Gracing tables at picnics, potlucks, or barbeques, this sunny summer salsa is always a hit. This non-recipe is effortless to make too. Save slaving away in the kitchen for Thanksgiving. After all, it’s summer summer summer time.
Combine diced pineapple, mangoes, red onion, cilantro, and some lime juice and zest in a bowl. For crunch, I sometimes toss in a handful of finely diced jicama. Adventurous cooks can add a dash of fish sauce for an additional umami oomph. Season with salt and chili pepper (such as cayenne or paprika) and your pineapple mango salsa is ready for chip dipping or to accompany any grilled meat or fish.
But but but… can I use pineapple in a can? The answer is a firm NO. No, you may not. You must carve your own. If you’re on a serious time crunch, you could pick up one of those pre-carved pineapples. I’m reluctant to buy them because of:
- the unnecessary packaging
- waste. Without a proper pineapple cutter, workers often lop off thick slabs of flesh to eliminate as many “pins” as possible.
- freshness and quality. I must smell the pineapple’s ripeness through the skin and see its original colour. It is also hard to track how long it’s been carved for unless it has a time stamp.
Don’t be intimidated. Choosing and carving a pineapple is easier than it looks. A ripened pineapple should have a yellow patch near the bottom. It should be brownish-green near the middle and greener towards the top, including the leaves. If the entire fruit is brown, it’s over-ripened and may feel mushy and have a musky taste.
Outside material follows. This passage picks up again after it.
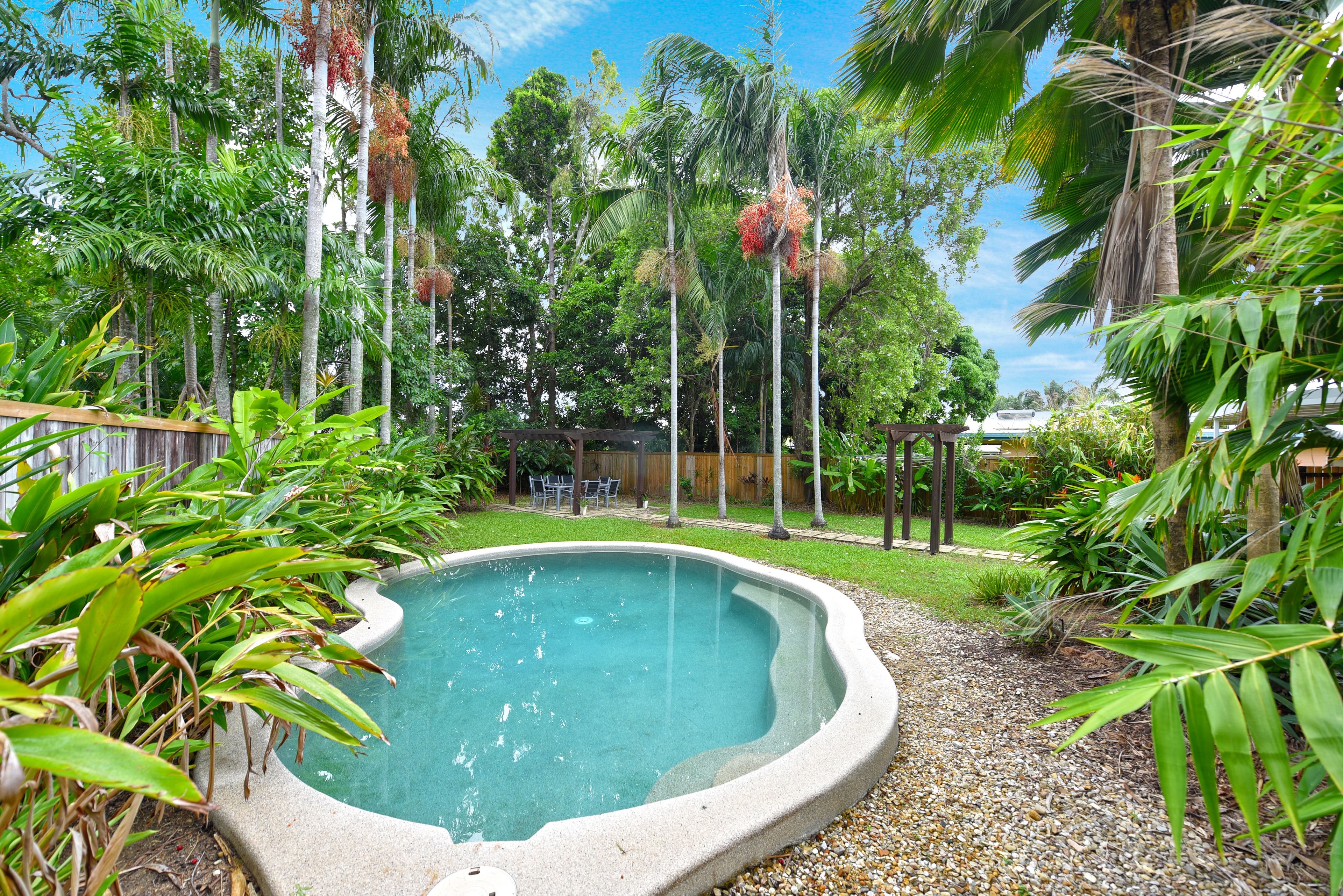 66 Terebra Street, Palm Cove, QLD 4879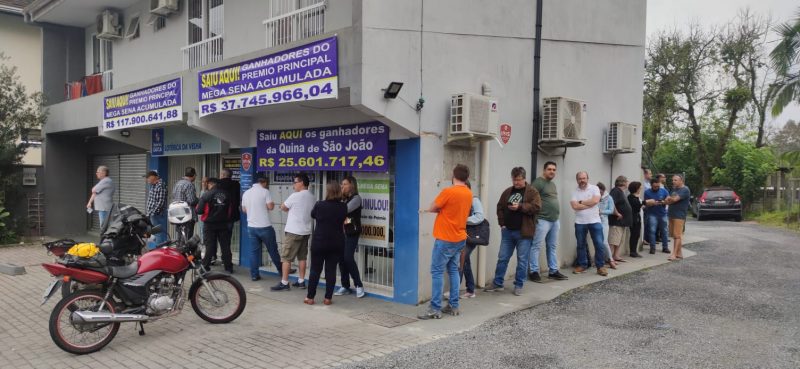 Sortudo acertou quatro das cinco dezenas da Quina em uma aposta feita na Lotérica da Velha, nesta segunda-feira (8)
Smell it. The fragrance should be sweet and floral. Poke it. The “pins” should have a bit of give. If it passes the test, take the baby home.
How to carve a fresh pineapple
- Slice off the top and bottom of the pineapple so it stands sturdily on the cutting board.
- Following the shape of the pineapple, slice the skin off from top to bottom without cutting too deeply.
- Observe the arrangement of the “pins” – the dots should connect in a diagonal pattern.
- Make a shallow cut on either side of the “pins” in a “V” shape to remove them, following the diagonal pattern to connect them. You should create spiral ridges around the pineapple.
- When all “pins” are removed, quarter the pineapple lengthwise and remove the fibrous core
- Your pineapple is ready for dicing. If you want to save even more flesh, retrieve the strips with the pins on them. Cut off and discard the pins and save the pineapple flesh in between.
Bonus: how to dice a mango quickly
- Remove the two fleshy segments by slicing the mango lengthwise along either side of the pit.
- Score the segments into small squares. Using a spoon, scoop out the flesh from the skin.
- Remove the skin from the pit segment. Pare the flesh off from the pit and dice.